We must be nearing the end of this sorry saga of the Open Source Initiative (OSI)’s Open Source AI Definition (OSAID), because we’ve reached the “Oh, won’t somebody please think of the children” stage at The Linux Foundation Member Summit, which is essentially a public admission that you’ve lost the debate. Specifically, their logical fallacy is appeal to emotion (“You attempted to manipulate an emotional response in place of a valid or compelling argument.”).
Curious as to what a New York Times article entitled “Automated tool gets it wrong” (actually A Dad Took Photos of His Naked Toddler for the Doctor. Google Flagged Him as a Criminal.) has to do with Open Source AI — having already had to dig deep to work out what #TravelingWhileTrans had to do with it — I went back through the archives and found this one (OSI at the United Nations OSPOs for Good) in which the OSI’s Executive Director had this to say:
One striking example is a popular dataset of images used for training many image generation AI tools, which contained child sexual abuse images for many years.

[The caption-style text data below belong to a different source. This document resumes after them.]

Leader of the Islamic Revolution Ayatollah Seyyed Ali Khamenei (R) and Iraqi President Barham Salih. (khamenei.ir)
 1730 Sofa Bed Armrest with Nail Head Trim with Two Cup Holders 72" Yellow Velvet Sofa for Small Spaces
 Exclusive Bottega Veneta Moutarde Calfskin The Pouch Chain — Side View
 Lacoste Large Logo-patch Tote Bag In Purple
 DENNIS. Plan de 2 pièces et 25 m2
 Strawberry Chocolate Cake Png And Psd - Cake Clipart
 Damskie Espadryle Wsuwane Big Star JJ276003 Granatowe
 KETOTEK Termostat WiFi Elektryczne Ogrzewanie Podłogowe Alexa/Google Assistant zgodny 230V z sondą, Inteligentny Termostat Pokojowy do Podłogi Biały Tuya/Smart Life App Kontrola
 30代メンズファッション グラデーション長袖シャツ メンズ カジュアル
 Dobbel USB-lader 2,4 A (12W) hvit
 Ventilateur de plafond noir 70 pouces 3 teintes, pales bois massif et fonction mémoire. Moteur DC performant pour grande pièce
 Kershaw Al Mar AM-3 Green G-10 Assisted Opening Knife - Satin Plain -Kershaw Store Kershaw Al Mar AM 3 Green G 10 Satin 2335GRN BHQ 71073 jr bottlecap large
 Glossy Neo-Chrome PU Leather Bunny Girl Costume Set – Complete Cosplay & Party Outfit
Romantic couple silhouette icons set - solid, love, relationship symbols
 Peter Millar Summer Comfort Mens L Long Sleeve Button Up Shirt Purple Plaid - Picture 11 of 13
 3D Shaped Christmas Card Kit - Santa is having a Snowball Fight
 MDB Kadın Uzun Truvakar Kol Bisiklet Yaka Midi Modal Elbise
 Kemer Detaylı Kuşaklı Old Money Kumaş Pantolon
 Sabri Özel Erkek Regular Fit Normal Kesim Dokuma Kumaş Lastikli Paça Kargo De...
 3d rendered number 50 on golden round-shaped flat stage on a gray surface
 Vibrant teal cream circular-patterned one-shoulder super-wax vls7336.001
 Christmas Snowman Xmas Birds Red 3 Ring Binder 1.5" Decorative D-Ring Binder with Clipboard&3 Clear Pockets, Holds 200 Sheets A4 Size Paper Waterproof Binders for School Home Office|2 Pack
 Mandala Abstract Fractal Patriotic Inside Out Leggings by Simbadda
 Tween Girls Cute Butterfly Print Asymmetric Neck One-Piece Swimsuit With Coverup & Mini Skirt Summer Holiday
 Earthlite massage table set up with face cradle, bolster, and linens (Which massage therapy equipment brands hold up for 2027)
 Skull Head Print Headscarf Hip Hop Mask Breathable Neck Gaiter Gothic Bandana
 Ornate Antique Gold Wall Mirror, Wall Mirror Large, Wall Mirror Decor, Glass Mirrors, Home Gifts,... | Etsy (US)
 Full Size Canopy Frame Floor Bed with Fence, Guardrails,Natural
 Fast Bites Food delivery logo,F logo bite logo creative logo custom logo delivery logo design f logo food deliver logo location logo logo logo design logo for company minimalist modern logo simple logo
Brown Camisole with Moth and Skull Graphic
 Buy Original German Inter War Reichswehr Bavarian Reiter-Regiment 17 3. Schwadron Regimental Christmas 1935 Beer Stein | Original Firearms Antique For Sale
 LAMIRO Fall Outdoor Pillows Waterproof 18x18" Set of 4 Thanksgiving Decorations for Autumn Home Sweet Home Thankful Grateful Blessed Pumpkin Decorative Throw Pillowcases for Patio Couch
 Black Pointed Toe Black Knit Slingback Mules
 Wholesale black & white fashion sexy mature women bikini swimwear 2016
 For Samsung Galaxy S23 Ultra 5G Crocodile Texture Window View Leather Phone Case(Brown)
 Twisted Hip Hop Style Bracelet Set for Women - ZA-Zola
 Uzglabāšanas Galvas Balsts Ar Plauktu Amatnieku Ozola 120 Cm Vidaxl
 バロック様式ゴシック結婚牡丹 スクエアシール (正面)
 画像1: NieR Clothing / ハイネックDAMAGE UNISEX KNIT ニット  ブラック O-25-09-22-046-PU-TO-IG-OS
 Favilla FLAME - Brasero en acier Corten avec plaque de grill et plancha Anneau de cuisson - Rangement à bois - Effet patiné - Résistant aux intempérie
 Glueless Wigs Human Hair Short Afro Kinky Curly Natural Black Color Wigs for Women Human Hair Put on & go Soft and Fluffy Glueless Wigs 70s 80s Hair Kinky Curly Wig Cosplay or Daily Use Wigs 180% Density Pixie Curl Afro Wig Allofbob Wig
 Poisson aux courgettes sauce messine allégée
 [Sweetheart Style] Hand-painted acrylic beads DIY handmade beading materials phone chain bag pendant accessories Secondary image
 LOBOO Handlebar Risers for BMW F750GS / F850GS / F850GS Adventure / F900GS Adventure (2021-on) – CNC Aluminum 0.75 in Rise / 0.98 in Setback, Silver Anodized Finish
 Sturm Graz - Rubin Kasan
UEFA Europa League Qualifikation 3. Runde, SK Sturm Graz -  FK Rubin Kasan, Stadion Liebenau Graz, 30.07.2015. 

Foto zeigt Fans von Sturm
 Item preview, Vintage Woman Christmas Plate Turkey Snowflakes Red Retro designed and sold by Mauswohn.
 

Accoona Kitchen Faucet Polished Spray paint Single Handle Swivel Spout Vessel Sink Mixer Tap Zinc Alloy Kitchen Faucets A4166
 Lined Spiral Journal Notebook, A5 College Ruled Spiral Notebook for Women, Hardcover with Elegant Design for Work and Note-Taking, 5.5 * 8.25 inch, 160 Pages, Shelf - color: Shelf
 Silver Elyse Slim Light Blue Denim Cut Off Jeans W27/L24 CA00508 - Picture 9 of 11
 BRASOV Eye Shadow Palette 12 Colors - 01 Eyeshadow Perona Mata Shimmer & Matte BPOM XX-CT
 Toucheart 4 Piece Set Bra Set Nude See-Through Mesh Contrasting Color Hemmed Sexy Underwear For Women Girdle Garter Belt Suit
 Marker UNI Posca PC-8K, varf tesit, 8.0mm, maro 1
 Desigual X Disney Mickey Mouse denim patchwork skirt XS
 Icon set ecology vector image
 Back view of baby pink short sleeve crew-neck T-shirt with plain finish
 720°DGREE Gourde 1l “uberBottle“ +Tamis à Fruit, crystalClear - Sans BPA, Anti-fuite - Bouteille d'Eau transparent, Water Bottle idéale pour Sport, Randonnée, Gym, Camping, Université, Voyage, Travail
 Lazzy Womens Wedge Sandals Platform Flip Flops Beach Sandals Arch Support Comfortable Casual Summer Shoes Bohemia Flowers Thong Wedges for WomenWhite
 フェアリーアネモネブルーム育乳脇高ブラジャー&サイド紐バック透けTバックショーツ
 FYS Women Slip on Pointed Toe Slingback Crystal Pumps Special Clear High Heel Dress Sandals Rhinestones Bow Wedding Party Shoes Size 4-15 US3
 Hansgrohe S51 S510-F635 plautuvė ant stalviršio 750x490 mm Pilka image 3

A research paper highlighted this huge problem, but no one filed a bug report, and there was no easy way for the maintainers of this dataset to notice and remove those images.
They then go on to make the case against “radical openness”, which is to say, the level of openness required of Open Source by the Open Source Definition for the past quarter century (but sure, go ahead and paint the majority of your members as extremists):
While Open Source software and Open Source AI are still evolving, the necessary ingredients—data, code, and other components—are there. However, the data piece still needs to be debated and finalized. Pushing for radical openness with data has clear drawbacks and issues. It’s going to be a balance of intentions, aiming for the best outcome for the general public and the whole ecosystem.
Given the OSI’s position is that vendors — coincidentally including the sponsors that pay their salaries — should be able to conceal the data they’ve used to train their “fauxpensource” models, what exactly are they trying to say here?
Assuming good faith I believe their point is that sharing data is hard to get right, but what’s the alternative? Black boxes that users have no way to study or modify to assess let alone address ethical, security (Turning Open Source AI Insecurity up to 11 with OSI’s RC1), or worse issues?
Were this “popular dataset of images used for training many image generation AI tools” not publicly accessible then researchers would never have even been able to discover this information. Or worse, models trained on it could use it to generate harmful outputs inadvertently, or deliberately (Extracting Training Data from Diffusion Models), turning hosts of such models into purveyors of explicit, illegal, copyrighted, sensitive, and other contraband information:
Image diffusion models such as DALL-E 2, Imagen, and Stable Diffusion have attracted significant attention due to their ability to generate high-quality synthetic images. In this work, we show that diffusion models memorize individual images from their training data and emit them at generation time. With a generate-and-filter pipeline, we extract over a thousand training examples from state-of-the-art models, ranging from photographs of individual people to trademarked company logos. We also train hundreds of diffusion models in various settings to analyze how different modeling and data decisions affect privacy. Overall, our results show that diffusion models are much less private than prior generative models such as GANs, and that mitigating these vulnerabilities may require new advances in privacy-preserving training.
Are we to believe that vendors looking to minimise costs and maximise revenues would do a better job than the public equipped with the data and tools like PhotoDNA? Are we really saying that the better system is one where the worst content imaginable can be part of an enterprise’s supply chain (like conflict diamonds or worse) and Software Bill Of Materials (SBOM) without their knowledge or consent?
Indeed, is this not making the opposite argument: that users ultimately responsible for the output of these models (given the limitations of liability in their terms of use) must absolutely be given what’s required to study and modify the models: the data? What are the implications for Open Weight models and their users? What about an Open Source AI definition (like OSAID) that does not require the data?